What the task requires. What follows is a set of records; repeat all of them exactly.

╭─ Given records

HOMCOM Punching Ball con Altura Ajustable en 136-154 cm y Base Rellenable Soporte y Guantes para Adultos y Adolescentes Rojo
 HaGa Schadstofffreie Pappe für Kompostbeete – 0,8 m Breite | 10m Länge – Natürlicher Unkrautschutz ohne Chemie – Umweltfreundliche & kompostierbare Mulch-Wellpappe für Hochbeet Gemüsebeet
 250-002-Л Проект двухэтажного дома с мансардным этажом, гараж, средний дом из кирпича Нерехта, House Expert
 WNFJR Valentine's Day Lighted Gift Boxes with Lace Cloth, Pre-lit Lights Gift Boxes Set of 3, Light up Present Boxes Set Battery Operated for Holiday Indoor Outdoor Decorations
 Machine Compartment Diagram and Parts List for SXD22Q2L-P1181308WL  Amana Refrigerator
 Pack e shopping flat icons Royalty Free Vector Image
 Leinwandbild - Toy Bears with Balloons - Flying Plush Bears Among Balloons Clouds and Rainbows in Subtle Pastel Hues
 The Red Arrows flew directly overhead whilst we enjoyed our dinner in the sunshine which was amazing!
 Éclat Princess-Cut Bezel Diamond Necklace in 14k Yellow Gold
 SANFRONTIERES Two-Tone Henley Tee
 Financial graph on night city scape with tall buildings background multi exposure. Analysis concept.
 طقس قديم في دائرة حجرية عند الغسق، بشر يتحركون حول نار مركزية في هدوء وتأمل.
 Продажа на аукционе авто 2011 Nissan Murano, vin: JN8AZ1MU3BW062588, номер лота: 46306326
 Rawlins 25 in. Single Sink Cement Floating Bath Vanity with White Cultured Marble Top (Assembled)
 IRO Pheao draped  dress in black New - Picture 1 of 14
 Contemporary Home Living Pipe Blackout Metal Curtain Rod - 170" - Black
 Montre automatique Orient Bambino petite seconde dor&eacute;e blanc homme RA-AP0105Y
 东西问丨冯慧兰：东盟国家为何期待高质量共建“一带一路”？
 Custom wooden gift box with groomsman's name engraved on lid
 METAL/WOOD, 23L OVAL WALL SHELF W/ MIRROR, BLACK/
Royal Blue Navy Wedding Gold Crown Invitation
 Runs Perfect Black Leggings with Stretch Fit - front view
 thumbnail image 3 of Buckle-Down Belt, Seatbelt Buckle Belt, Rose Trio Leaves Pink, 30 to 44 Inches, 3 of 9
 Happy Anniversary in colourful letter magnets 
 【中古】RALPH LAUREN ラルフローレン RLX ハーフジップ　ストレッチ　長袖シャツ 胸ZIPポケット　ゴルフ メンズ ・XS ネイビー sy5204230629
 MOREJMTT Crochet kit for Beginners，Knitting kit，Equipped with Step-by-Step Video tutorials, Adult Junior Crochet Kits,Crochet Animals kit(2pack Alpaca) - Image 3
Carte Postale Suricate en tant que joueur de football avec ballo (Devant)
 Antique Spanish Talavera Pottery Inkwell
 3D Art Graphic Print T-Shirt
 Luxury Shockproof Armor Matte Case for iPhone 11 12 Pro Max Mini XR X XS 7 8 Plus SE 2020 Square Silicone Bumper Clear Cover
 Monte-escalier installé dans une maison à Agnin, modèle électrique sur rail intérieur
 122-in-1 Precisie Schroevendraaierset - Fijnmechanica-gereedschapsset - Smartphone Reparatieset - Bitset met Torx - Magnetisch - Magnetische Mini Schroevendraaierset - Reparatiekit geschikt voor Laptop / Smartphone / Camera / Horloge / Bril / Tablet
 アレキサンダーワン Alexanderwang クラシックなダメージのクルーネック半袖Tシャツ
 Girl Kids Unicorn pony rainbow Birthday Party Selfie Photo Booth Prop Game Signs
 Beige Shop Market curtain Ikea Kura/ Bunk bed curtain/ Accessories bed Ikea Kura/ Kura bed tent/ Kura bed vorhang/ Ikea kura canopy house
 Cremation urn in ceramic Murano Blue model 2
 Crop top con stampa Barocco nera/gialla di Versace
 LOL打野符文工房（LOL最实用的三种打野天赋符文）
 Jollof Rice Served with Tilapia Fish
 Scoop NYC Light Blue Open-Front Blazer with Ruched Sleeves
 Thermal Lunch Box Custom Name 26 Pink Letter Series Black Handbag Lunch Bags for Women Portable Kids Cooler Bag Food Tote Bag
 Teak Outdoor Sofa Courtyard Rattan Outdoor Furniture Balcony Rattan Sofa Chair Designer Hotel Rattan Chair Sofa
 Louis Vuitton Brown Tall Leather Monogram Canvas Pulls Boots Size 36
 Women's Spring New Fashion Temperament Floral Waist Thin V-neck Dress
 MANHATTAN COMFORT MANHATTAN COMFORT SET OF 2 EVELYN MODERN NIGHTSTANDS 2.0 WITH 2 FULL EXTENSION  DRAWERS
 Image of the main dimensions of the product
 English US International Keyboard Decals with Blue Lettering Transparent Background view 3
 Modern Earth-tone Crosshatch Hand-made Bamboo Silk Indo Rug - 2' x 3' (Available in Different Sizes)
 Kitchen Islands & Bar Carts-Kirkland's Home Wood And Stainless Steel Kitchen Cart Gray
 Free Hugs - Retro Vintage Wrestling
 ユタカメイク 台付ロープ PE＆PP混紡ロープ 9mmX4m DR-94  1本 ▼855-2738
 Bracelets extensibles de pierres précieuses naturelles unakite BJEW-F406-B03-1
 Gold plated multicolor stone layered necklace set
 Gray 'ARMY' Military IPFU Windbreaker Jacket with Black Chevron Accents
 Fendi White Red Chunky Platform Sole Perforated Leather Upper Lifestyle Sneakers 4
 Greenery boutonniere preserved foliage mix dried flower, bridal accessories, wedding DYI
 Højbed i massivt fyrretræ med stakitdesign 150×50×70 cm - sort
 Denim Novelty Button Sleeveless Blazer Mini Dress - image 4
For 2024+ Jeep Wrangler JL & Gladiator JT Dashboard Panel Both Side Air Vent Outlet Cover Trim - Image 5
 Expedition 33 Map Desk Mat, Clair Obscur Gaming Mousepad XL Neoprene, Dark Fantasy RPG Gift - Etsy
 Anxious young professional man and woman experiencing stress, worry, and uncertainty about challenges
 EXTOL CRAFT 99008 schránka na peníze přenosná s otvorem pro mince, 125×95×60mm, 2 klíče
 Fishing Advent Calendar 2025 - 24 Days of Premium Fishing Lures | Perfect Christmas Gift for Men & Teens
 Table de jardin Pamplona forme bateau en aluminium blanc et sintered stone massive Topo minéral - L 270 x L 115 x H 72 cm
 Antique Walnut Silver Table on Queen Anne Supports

╰─

Exercise result.
HOMCOM Punching Ball con Altura Ajustable en 136-154 cm y Base Rellenable Soporte y Guantes para Adultos y Adolescentes Rojo
 HaGa Schadstofffreie Pappe für Kompostbeete – 0,8 m Breite | 10m Länge – Natürlicher Unkrautschutz ohne Chemie – Umweltfreundliche & kompostierbare Mulch-Wellpappe für Hochbeet Gemüsebeet
 250-002-Л Проект двухэтажного дома с мансардным этажом, гараж, средний дом из кирпича Нерехта, House Expert
 WNFJR Valentine's Day Lighted Gift Boxes with Lace Cloth, Pre-lit Lights Gift Boxes Set of 3, Light up Present Boxes Set Battery Operated for Holiday Indoor Outdoor Decorations
 Machine Compartment Diagram and Parts List for SXD22Q2L-P1181308WL  Amana Refrigerator
 Pack e shopping flat icons Royalty Free Vector Image
 Leinwandbild - Toy Bears with Balloons - Flying Plush Bears Among Balloons Clouds and Rainbows in Subtle Pastel Hues
 The Red Arrows flew directly overhead whilst we enjoyed our dinner in the sunshine which was amazing!
 Éclat Princess-Cut Bezel Diamond Necklace in 14k Yellow Gold
 SANFRONTIERES Two-Tone Henley Tee
 Financial graph on night city scape with tall buildings background multi exposure. Analysis concept.
 طقس قديم في دائرة حجرية عند الغسق، بشر يتحركون حول نار مركزية في هدوء وتأمل.
 Продажа на аукционе авто 2011 Nissan Murano, vin: JN8AZ1MU3BW062588, номер лота: 46306326
 Rawlins 25 in. Single Sink Cement Floating Bath Vanity with White Cultured Marble Top (Assembled)
 IRO Pheao draped  dress in black New - Picture 1 of 14
 Contemporary Home Living Pipe Blackout Metal Curtain Rod - 170" - Black
 Montre automatique Orient Bambino petite seconde dor&eacute;e blanc homme RA-AP0105Y
 东西问丨冯慧兰：东盟国家为何期待高质量共建“一带一路”？
 Custom wooden gift box with groomsman's name engraved on lid
 METAL/WOOD, 23L OVAL WALL SHELF W/ MIRROR, BLACK/
Royal Blue Navy Wedding Gold Crown Invitation
 Runs Perfect Black Leggings with Stretch Fit - front view
 thumbnail image 3 of Buckle-Down Belt, Seatbelt Buckle Belt, Rose Trio Leaves Pink, 30 to 44 Inches, 3 of 9
 Happy Anniversary in colourful letter magnets 
 【中古】RALPH LAUREN ラルフローレン RLX ハーフジップ　ストレッチ　長袖シャツ 胸ZIPポケット　ゴルフ メンズ ・XS ネイビー sy5204230629
 MOREJMTT Crochet kit for Beginners，Knitting kit，Equipped with Step-by-Step Video tutorials, Adult Junior Crochet Kits,Crochet Animals kit(2pack Alpaca) - Image 3
Carte Postale Suricate en tant que joueur de football avec ballo (Devant)
 Antique Spanish Talavera Pottery Inkwell
 3D Art Graphic Print T-Shirt
 Luxury Shockproof Armor Matte Case for iPhone 11 12 Pro Max Mini XR X XS 7 8 Plus SE 2020 Square Silicone Bumper Clear Cover
 Monte-escalier installé dans une maison à Agnin, modèle électrique sur rail intérieur
 122-in-1 Precisie Schroevendraaierset - Fijnmechanica-gereedschapsset - Smartphone Reparatieset - Bitset met Torx - Magnetisch - Magnetische Mini Schroevendraaierset - Reparatiekit geschikt voor Laptop / Smartphone / Camera / Horloge / Bril / Tablet
 アレキサンダーワン Alexanderwang クラシックなダメージのクルーネック半袖Tシャツ
 Girl Kids Unicorn pony rainbow Birthday Party Selfie Photo Booth Prop Game Signs
 Beige Shop Market curtain Ikea Kura/ Bunk bed curtain/ Accessories bed Ikea Kura/ Kura bed tent/ Kura bed vorhang/ Ikea kura canopy house
 Cremation urn in ceramic Murano Blue model 2
 Crop top con stampa Barocco nera/gialla di Versace
 LOL打野符文工房（LOL最实用的三种打野天赋符文）
 Jollof Rice Served with Tilapia Fish
 Scoop NYC Light Blue Open-Front Blazer with Ruched Sleeves
 Thermal Lunch Box Custom Name 26 Pink Letter Series Black Handbag Lunch Bags for Women Portable Kids Cooler Bag Food Tote Bag
 Teak Outdoor Sofa Courtyard Rattan Outdoor Furniture Balcony Rattan Sofa Chair Designer Hotel Rattan Chair Sofa
 Louis Vuitton Brown Tall Leather Monogram Canvas Pulls Boots Size 36
 Women's Spring New Fashion Temperament Floral Waist Thin V-neck Dress
 MANHATTAN COMFORT MANHATTAN COMFORT SET OF 2 EVELYN MODERN NIGHTSTANDS 2.0 WITH 2 FULL EXTENSION  DRAWERS
 Image of the main dimensions of the product
 English US International Keyboard Decals with Blue Lettering Transparent Background view 3
 Modern Earth-tone Crosshatch Hand-made Bamboo Silk Indo Rug - 2' x 3' (Available in Different Sizes)
 Kitchen Islands & Bar Carts-Kirkland's Home Wood And Stainless Steel Kitchen Cart Gray
 Free Hugs - Retro Vintage Wrestling
 ユタカメイク 台付ロープ PE＆PP混紡ロープ 9mmX4m DR-94  1本 ▼855-2738
 Bracelets extensibles de pierres précieuses naturelles unakite BJEW-F406-B03-1
 Gold plated multicolor stone layered necklace set
 Gray 'ARMY' Military IPFU Windbreaker Jacket with Black Chevron Accents
 Fendi White Red Chunky Platform Sole Perforated Leather Upper Lifestyle Sneakers 4
 Greenery boutonniere preserved foliage mix dried flower, bridal accessories, wedding DYI
 Højbed i massivt fyrretræ med stakitdesign 150×50×70 cm - sort
 Denim Novelty Button Sleeveless Blazer Mini Dress - image 4
For 2024+ Jeep Wrangler JL & Gladiator JT Dashboard Panel Both Side Air Vent Outlet Cover Trim - Image 5
 Expedition 33 Map Desk Mat, Clair Obscur Gaming Mousepad XL Neoprene, Dark Fantasy RPG Gift - Etsy
 Anxious young professional man and woman experiencing stress, worry, and uncertainty about challenges
 EXTOL CRAFT 99008 schránka na peníze přenosná s otvorem pro mince, 125×95×60mm, 2 klíče
 Fishing Advent Calendar 2025 - 24 Days of Premium Fishing Lures | Perfect Christmas Gift for Men & Teens
 Table de jardin Pamplona forme bateau en aluminium blanc et sintered stone massive Topo minéral - L 270 x L 115 x H 72 cm
 Antique Walnut Silver Table on Queen Anne Supports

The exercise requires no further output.